High enhancement in the late stage of CEUS and disruption of the thyroid envelope continuity around the early stage of enhanced cancer are risk factors for LLNM in PTC patients [27]. Hyperenhanced nodules often suggest that the tumor is rich in feeding vessels. Factors such as several new blood vessels, weak vessel walls, and high permeability render the richly vascular PTC highly invasive, causing invasion of the surrounding capsule, infiltration of the surrounding tissue, and increased risk of cervical lymph node metastasis. Conventional ultrasound does not reveal capsule invasion effectively; angiography can visually present the discontinuity of the capsule, and its sensitivity is higher than that of conventional ultrasound [28].
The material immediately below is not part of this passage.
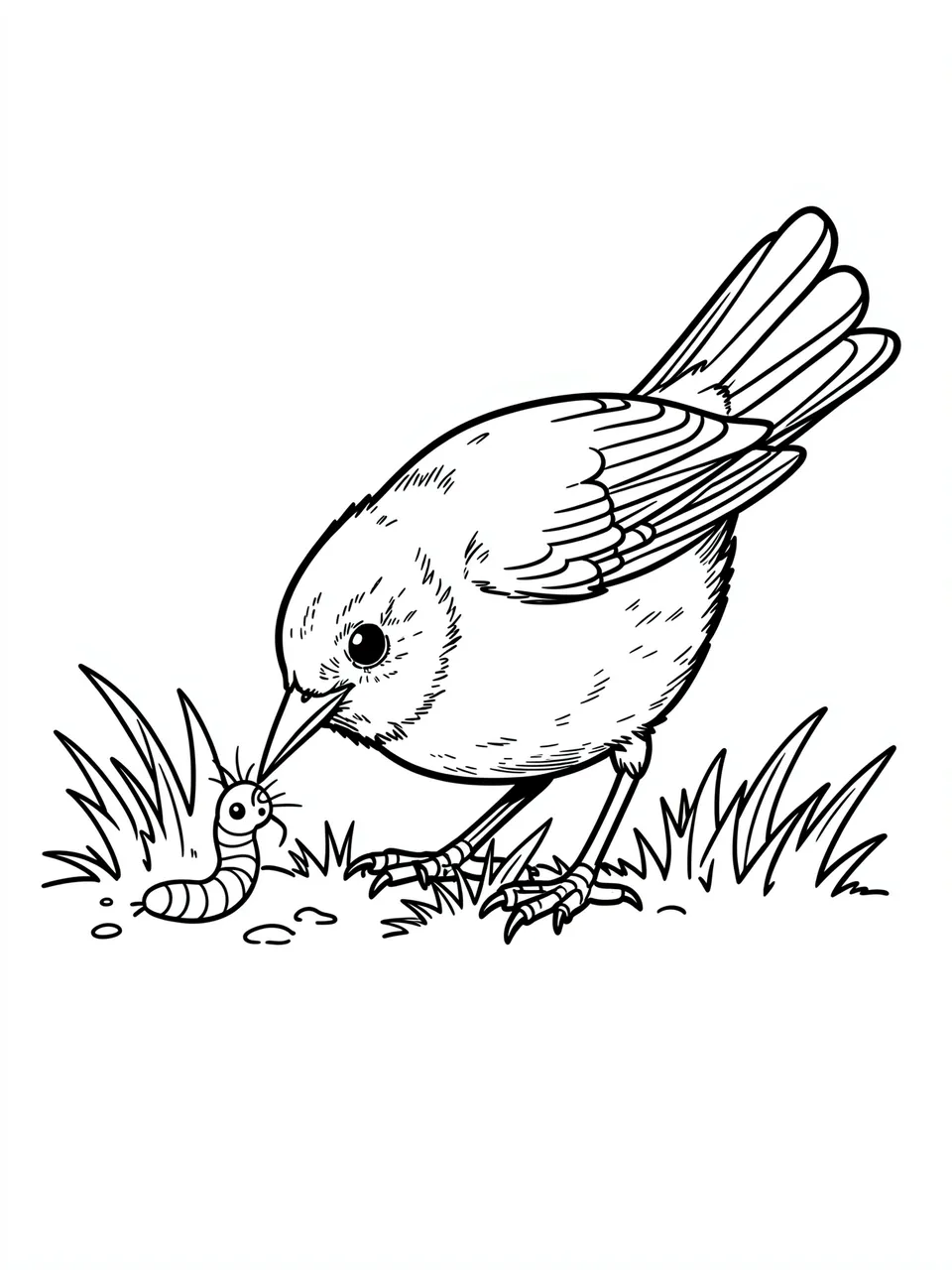 Black and white line art of a robin standing on grass reaching for a worm on plain white background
A nomogram can intuitively provide a quantitative risk score. The advantage of this model is that it can convert complex regression equations into visual graphs and is easy for clinical application. However, this study has some limitations. First, this was a single-center study without external verification. Second, the factors included in this study are all qualitative indicators; hence, further research on the quantitative parameter analysis of CEUS is warranted to improve the accuracy of the prediction model.
Conclusion
By combining the characteristics of conventional ultrasound and CEUS, we established a prediction model showing good discrimination, calibration, and clinical applicability. It provides a reliable and visual guide tool for clinicians to customize surgical methods.
Funding
This study was supported by the Jiangsu University Medical Education Collaborative Innovation Fund project(JDYY2023035); Open topic of The Provincial and Ministerial Joint Construction of State Key Laboratory of Radiation Medicine and Radiation Protection (2022) (GZK1202207); Zhangjiagang Youth Science and Technology Project(ZJGQNKJ202326).
Ethical statement
The authors are accountable for all aspects of the work in ensuring that questions related to the accuracy or integrity of any part of the work are appropriately investigated and resolved. All procedures performed in this study involving human participants were in accordance with the Declaration of Helsinki (as revised in 2013). The study was approved by institutional ethics board of The First Affiliated Hospital of Soochow University, (NO. 343) and informed consent was taken from all the patients.